Niños-hombres asesinos

Sin embargo, más allá del relato efectivo y efectista, del hiperrealismo descarnado, de la violencia cruenta y de la reveladora reconstrucción histórica y antropológica, la película es sobre la confrontación entre la vida y la muerte, la barbarie y la civilidad, sobre la desventajosa relación que hay entre unas y otras en la concepción moral de estos niños y jóvenes, que no hombres, aunque ellos crean que un arma y un asesinato los convierte en tales.

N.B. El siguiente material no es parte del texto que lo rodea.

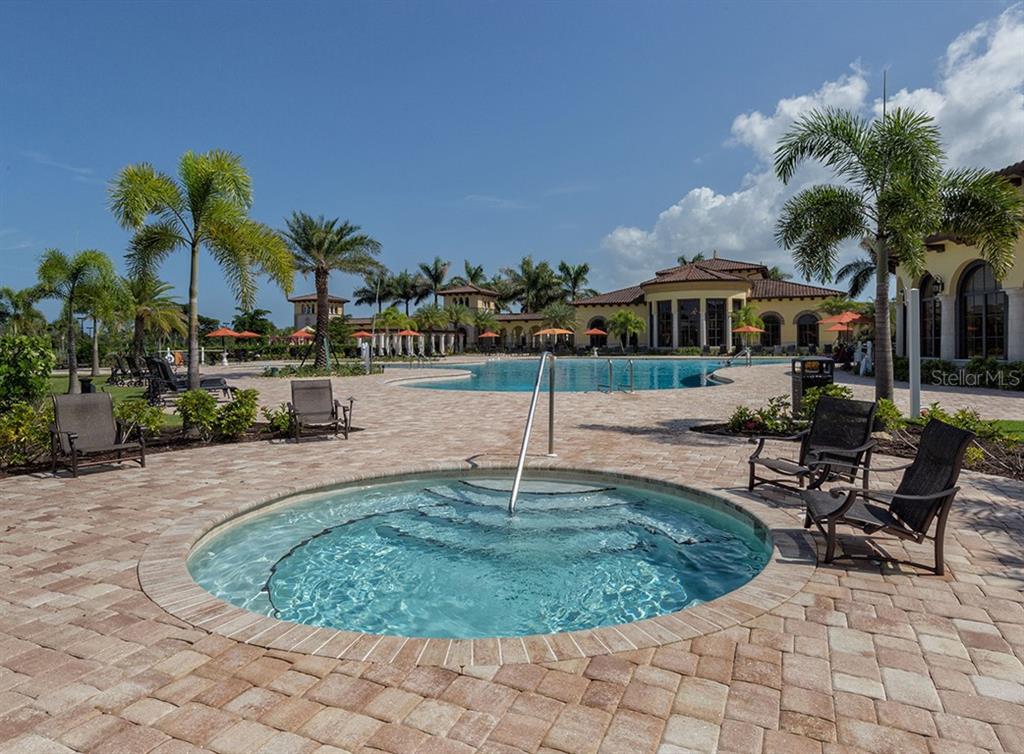 12550 Ghiberti Circle, Unit 201 Venice, FL 34293 - Photo 32 of 44 a view of a house with swimming pool and sitting area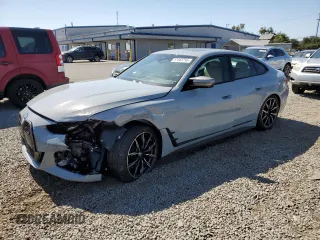 2023 BMW i4 M50 z VIN WBY33AW09PFR22046, wystawiony jako Copart lot #57665795 z przebiegiem 15 101 mil mil oraz Szkody całkowita. Historia ofert i sprzedaży dostępna na DreamBid. Obrazek 1.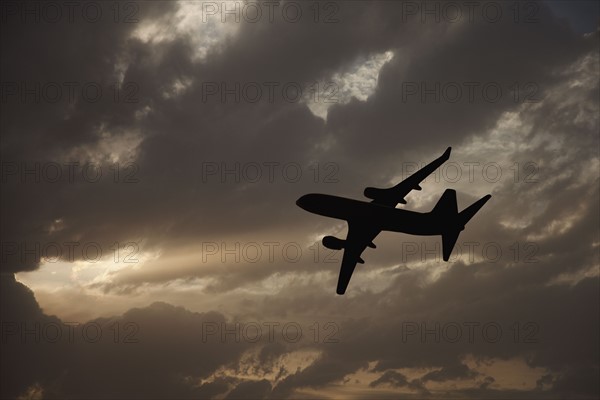 Commercial jet in cloudy sky. Photo. Mike Kemp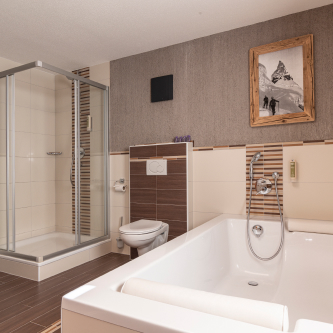 Erleben Sie die Eleganz eines modernen Badezimmers in unserem Luxusapartment für 6-8 Personen in Serfaus-Fiss-Ladis. Es verfügt über eine verglaste Dusche, eine weiße Badewanne und ein wandmontiertes WC vor Wänden mit Fliesenmuster und dunklen, holzähnlichen Bodenfliesen. Ein Bild mit einer Berglandschaft verleiht der Wanne eine ruhige Note.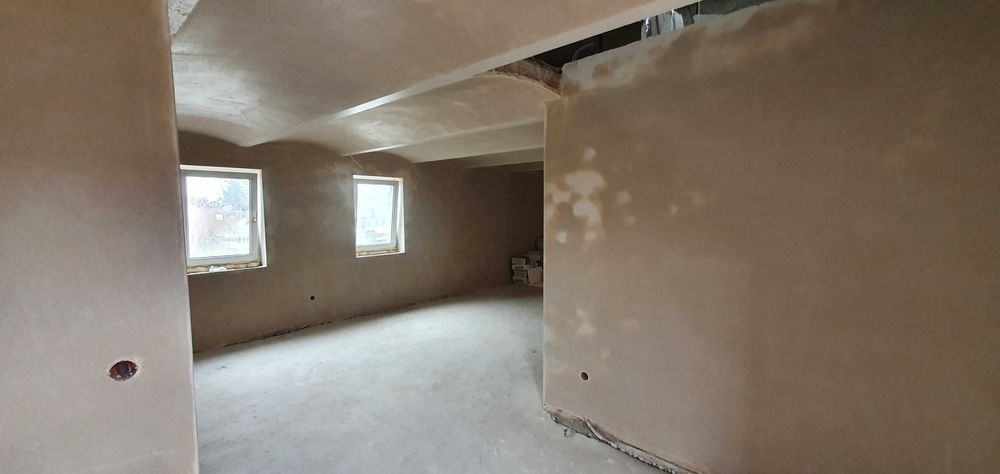 Tynki maszynowe gipsowe i cementowe - firma KONKRET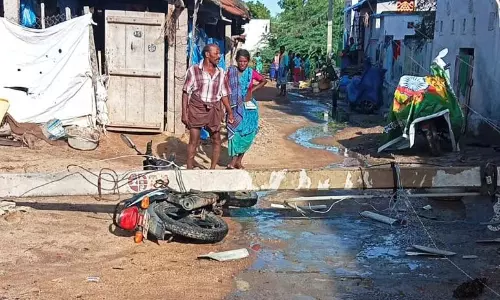 மின்கம்பம் பெயர்ந்து விழுந்து இருசக்கர வாகனம் சேதம்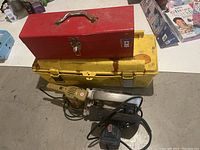 Image showing stacked red metal toolbox on top of large yellow plastic toolbox with two power tools placed in front.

En definitiva, toda esa violencia consecuencia de la delincuencia y la guerra entre pandillas que nos muestra la película, nos habla esencialmente es del poco o ningún valor que tiene la vida. Matar es como robar o insultar. Se hace con una insólita facilidad  que, en últimas, es la vía más expedita para solucionar un problema, desde el más grande, como un enemigo a muerte, hasta el más nimio, como un compañero que no para de hablar.

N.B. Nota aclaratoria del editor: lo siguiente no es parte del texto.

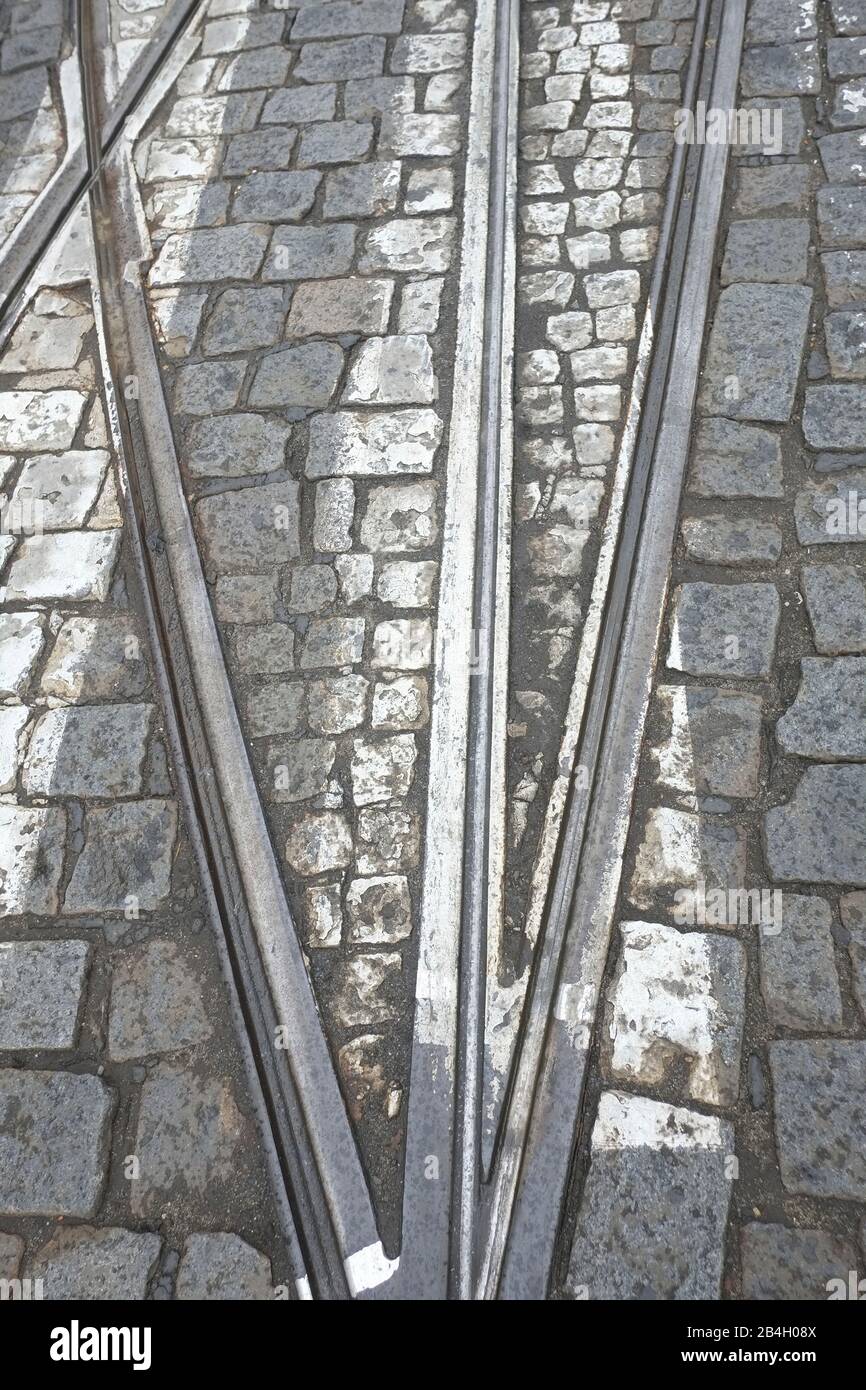 Street car rails coming together near the switch on marked crosswalk. Prague, Czech Republic Stock Photo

Pero el director no explota con morbo la crudeza de la violencia que se vive allí, sino que, sin dejar de ser lo explícito y descarnado que el tema y sus personajes le exigen, hace un reflexivo y revelador relato de cine de una pericia y contundencia, tanto visual, narrativa como argumental, que no deja otra opción que referirse ella con calificativos grandilocuentes o mudas expresiones de admiración (y desolación).